Eu nunca concordei, não concordo nem jamais concordarei com as pessoas que entendem que a Portugal bastavam apenas dois grandes portos comerciais: o de Lisboa e o de Leixões. Os portos mais pequenos, a meu ver, também tem missões úteis a desempenhar no conjunto do progresso geral da Nação.
Penso que o porto da Nazaré, uma vez construído, daria ampla compensação ao Estado das despesas que para isso tivesse de fazer, e não perco a esperança de que o Governo, reconhecendo a justiça, a oportunidade e a conveniência de o construir, o venha ainda a incluir num futuro plano de fomento.

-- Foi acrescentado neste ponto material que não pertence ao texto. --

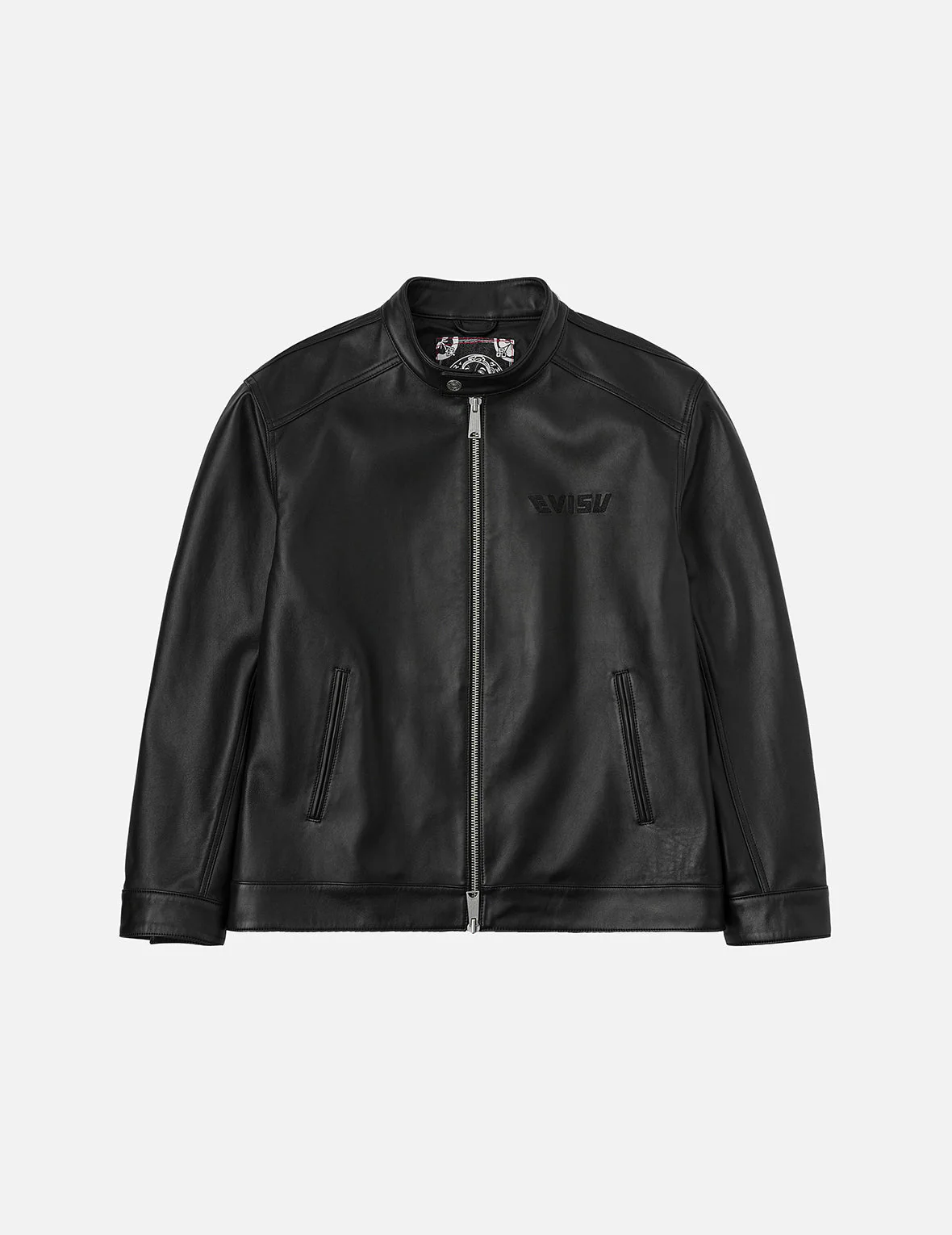Logo and Seagull Embroidery Regular Fit Leather Jacket - Image 4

Em defesa do meu ponto de vista não apresento dados, estatísticos, nem quadros comparativos, porque tudo isso consta das várias representações que tem sido entregues ao Governo e são elementos que não pedi ao Ministério, mas que constam dos respectivos serviços,
No caso de não ser viável a construção do simples porto de abrigo e de não ser considerada justificável a despesa a fazer com a construção de um porto de pesca, atrevo-me a solicitar ao Governo que, pelo Ministério da Economia, seja feito um inquérito a respeito de tudo o que seria possível exportar e importar pelo porto da Nazaré, e parece me que, depois de um estudo consciencioso, se poderia chegar à conclusão de que era útil e compensadora a sua construção com as duas modalidades: pesca e comércio.

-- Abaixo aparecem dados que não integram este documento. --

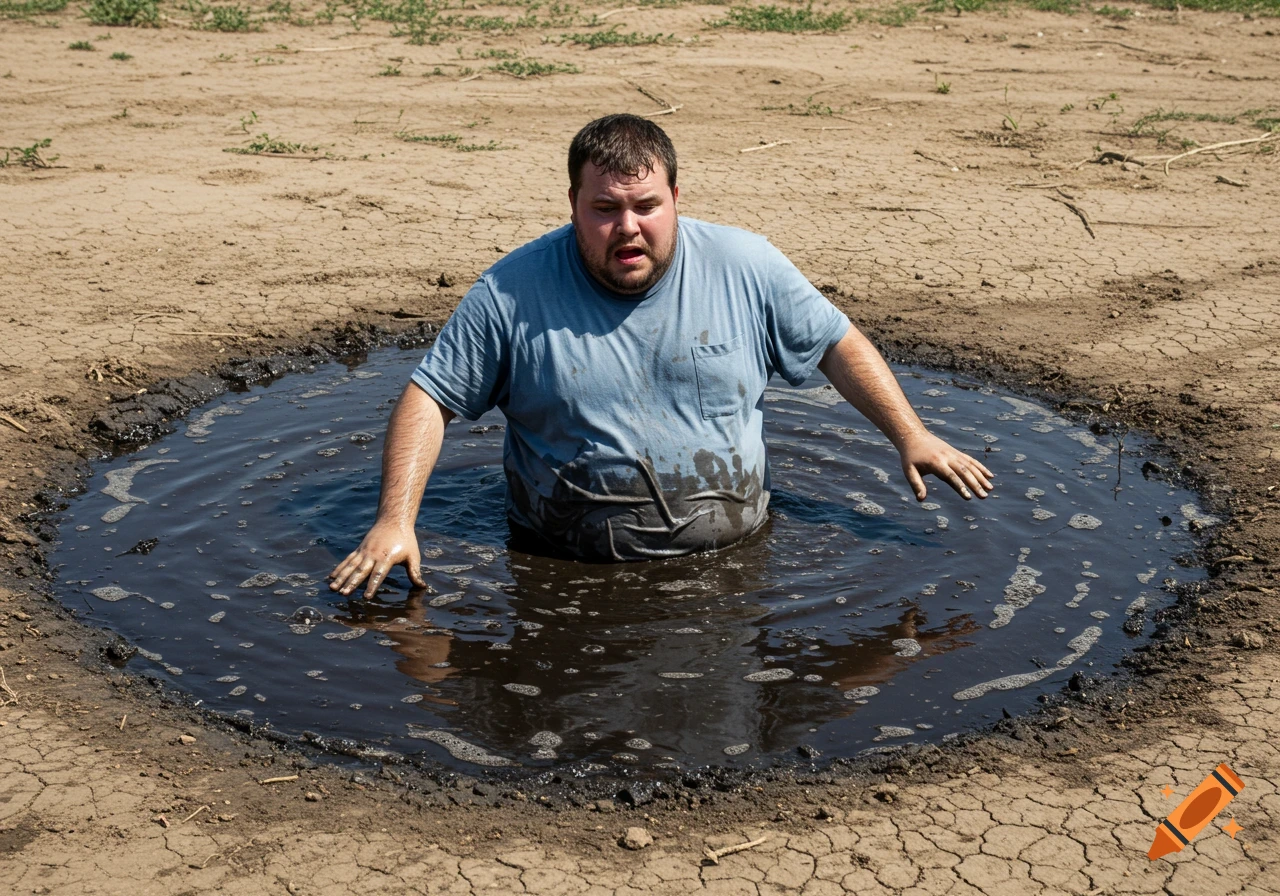 A man stands waist-deep in dark mud in a cracked dry field.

Resta-me encarar o problema pelo lado sentimental e humano, tão grato às nossas almas sensíveis de verdadeiros portugueses.

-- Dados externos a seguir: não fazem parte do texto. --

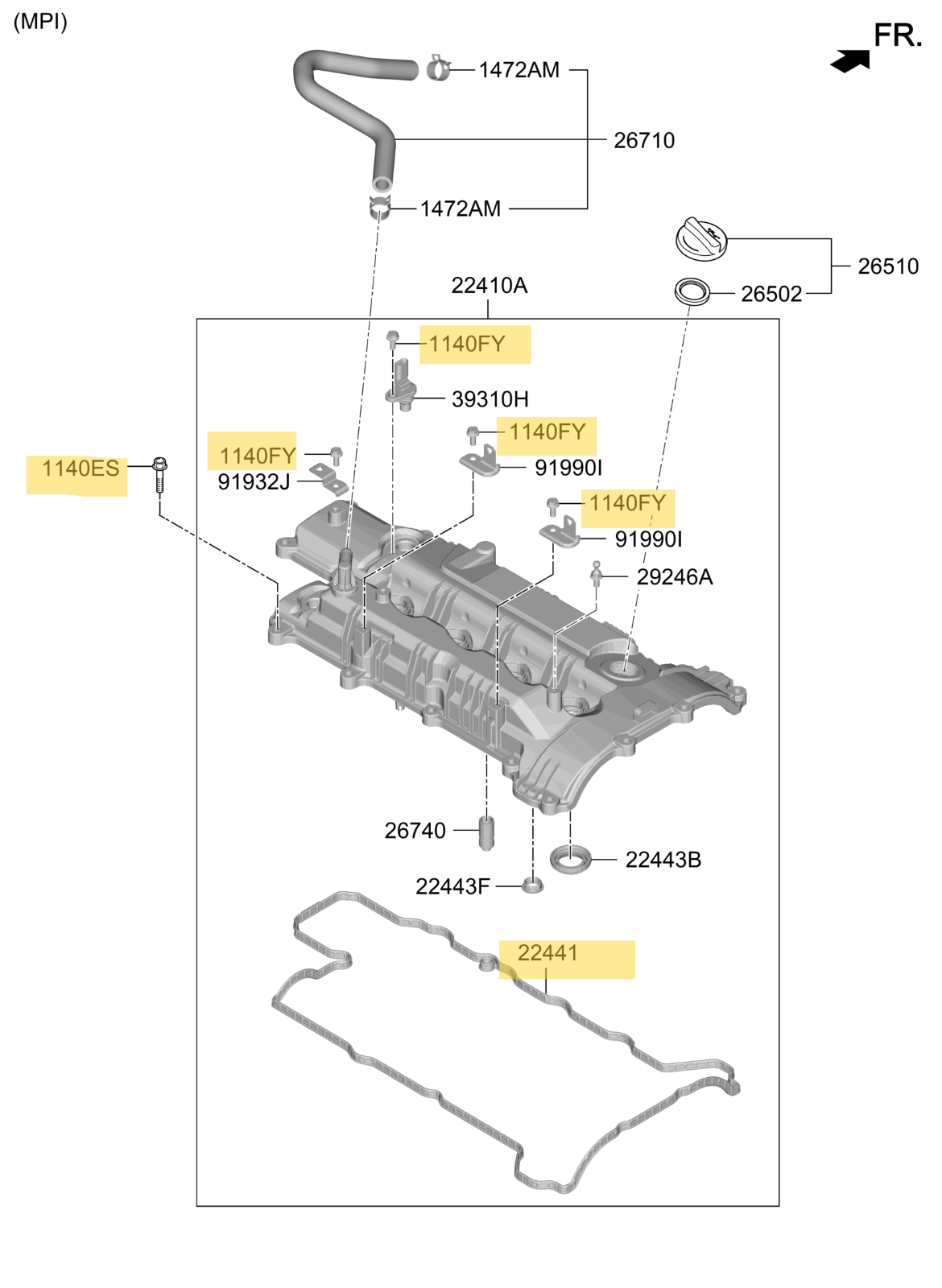 Genuine Bolt & Gasket & Oil Seal SET for Hyundai Sonata 2019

É triste, é doloroso e é deprimente ver aquela pobre gente da Nazaré, velhos, mulheres e crianças e até homens, a pedir pelas ruas da vila, de Alcobaça e de outras povoações dos arredores, quando o mar está bravo e não permite aos valentes pescadores que vão exercer a sua arriscada e útil missão, obrigando-os a passar uma vida de miséria e de fome, que se reflecte, lamentàvelmente, na sua saúde e na de suas famílias.
Todos, ou quase todos, procuram trabalhar, especialmente nos campos, onde geralmente há falta de braços, mas os pescadores, que são mestres na sua profissão, têm imensa dificuldade em se adaptar a outras ocupações é pouco podem ganhar, acrescendo ainda a circunstancia de nem sempre poderem trabalhar no campo, por o tempo o não permitir e terem de recorrer à caridade pública para não morrerem de fome, apesar de o Estado, através das Casas dos Pescadores, ter procurado remediar este estado de coisas; mas o que tem feito não é suficiente, apesar dos louváveis e meritórios esforços do nosso ilustre colega Sr. Comandante Tenreiro, a quem os pescadores estão reconhecidíssimos.
Podem dizer-me que devem sair, em massa, da Nazaré e irem estabelecer-se em outros portos de pesca. Muitos já o têm feito, indo para Peniche, Matosinhos e outros portos, mas essa transferência é cara e dolorosa, deprime-lhes o moral, e se a Nazaré, pela força das circunstâncias, perder as suas características de povoação de pescadores, perderá um dos seus principais atractivos, como cartaz turístico internacional de grande relevo, e a economia do concelho e da região será, lamentavelmente, afectada.
As vidas dos pescadores que quase, todos os anos, se perdem na praia da Nazaré também têm valor, e muito grande, e a economia de vidas humanas e as desgraças que se evitariam se existisse um porto de pesca também são dignas de serem tomadas em consideração.
Eu era ainda muito pequeno, teria talvez quatro ou cinco anos, quando assisti a uma das tragédias, infelizmente bastante frequentes naquela infeliz povoação, e ainda hoje sinto o horror dos gritos das mulheres e crianças e a aflição dos homens, de mãos dadas, agarrados uns aos outros, metendo-se pelo mar dentro, na ânsia de salvar os pobres tripulantes de um barco de pesca que o mar embravecido tinha voltado e alguns dos quais morreram à vista dos filhos, das mulheres e dos amigos, que os não puderam salvar.